Das Land Nordrhein-Westfalen kann kein grundsätzliches Tempolimit verordnen. Das ist auch nicht das Ziel dieser Landesregierung. Von daher ist die Debatte heute auch an diesem Punkt eindeutig verfehlt. Liebe FDP und liebe CDU, Sie machen heute Wahlkampfklamauk; das möchte ich Ihnen noch einmal ganz klar sagen.

Am Ende meiner Rede möchte ich gerne den ehemaligen Parlamentarischen Geschäftsführer der CDU zitieren, den ehemaligen Kollegen Heinz Hardt, der heute Vorsitzender der Verkehrswacht in Nordrhein-Westfalen ist und bei dem wir vor einigen Wochen noch zum Parlamentarischen Abend eingeladen waren. Herr Hardt sagt ganz klar: Ein Tempolimit von 130 oder 120 auf deutschen Autobahnen wäre eine deutliche Verbesserung für die Verkehrssicherheit, für den Verkehrsfluss und für den Lärmschutz.

Der Aussage des Kollegen Hardt kann ich mich nur ausdrücklich anschließen. Schade, dass er heute nicht mehr dem Parlament angehört. Wenn das der Fall wäre, würde er vielleicht seiner Fraktion an der Stelle die Leviten lesen. – Danke für die Aufmerksamkeit.

(Ministerin Sylvia Löhrmann: Guter Mann!)

Guter Mann, Herr Hardt, genau – ein schlechter Antrag der FDP, völlig überflüssig.

(Beifall von den GRÜNEN und der SPD)

Vielen Dank, Herr Kollege Klocke. – Für die Piratenfraktion spricht Herr Kollege Bayer.

Sehr geehrte Frau Präsidentin! Liebe Kolleginnen und Kollegen!

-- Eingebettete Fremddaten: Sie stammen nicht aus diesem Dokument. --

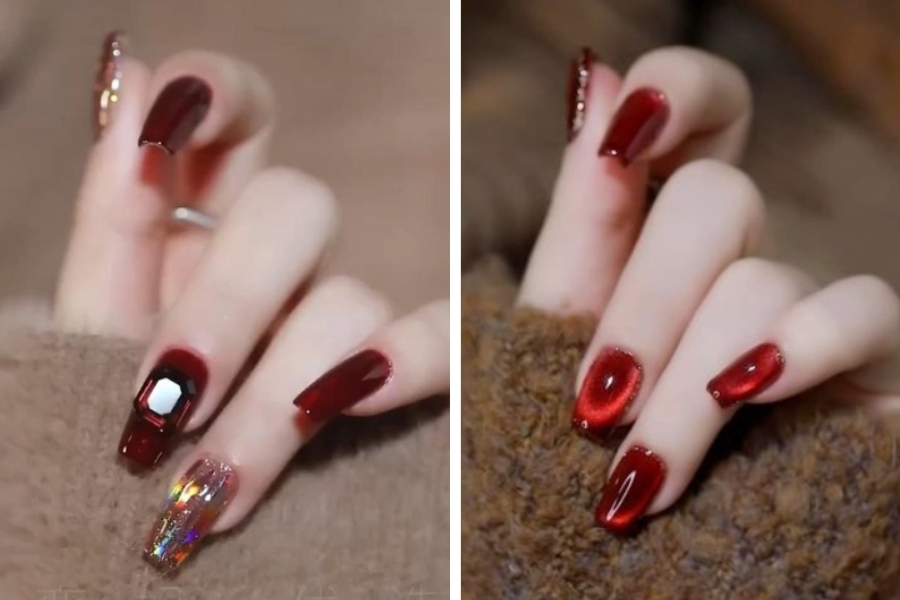 Nail đỏ rượu ombre quyến rũ, phù hợp dịp đặc biệt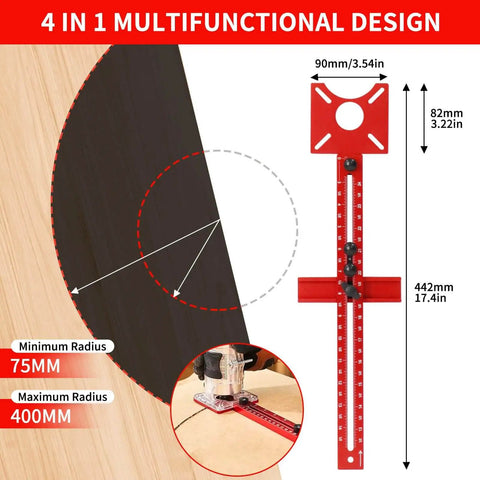 4 In 1 Router Milling Groove Bracket Pro Grade Aluminum Alloy Circle Cutting Jig For Woodworking with dimensions shown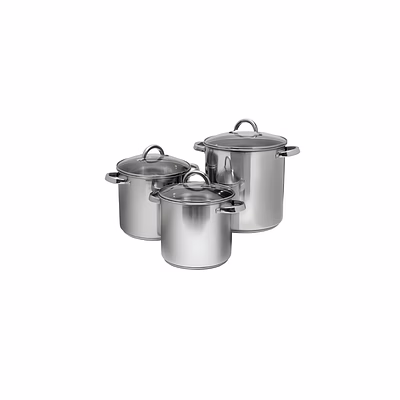 set of 3pc stockpot with glass lid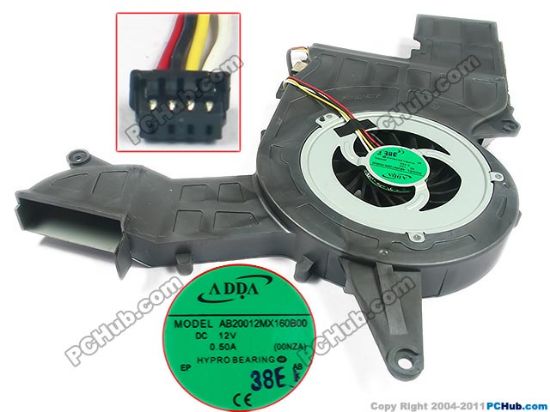 Picture of ADDA AB20012MX160B00 Cooling Fan  00NZA, DC12V 0.50A, Bare fan, New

Verehrte Autofahrer im Saal, am Stream, bei Tempo 200 auf der Autobahn, die Sie vielleicht gerade zuschauen!

(Zuruf von Minister Johannes Remmel)

Egal, ob diese Aktuelle Stunde heute passt und ob Sigmar Gabriel sie als sinnvoll bezeichnet hätte, sie gibt uns Gelegenheit für folgende effekthascherische Warnhinweise: Achtung, ohne Tempolimit können Terroristen hier herumfahren wie in Afghanistan, Kommunisten wie in Nordkorea und Piraten wie in Somalia, also in Ländern, in denen es halt auch kein generelles Tempolimit gibt.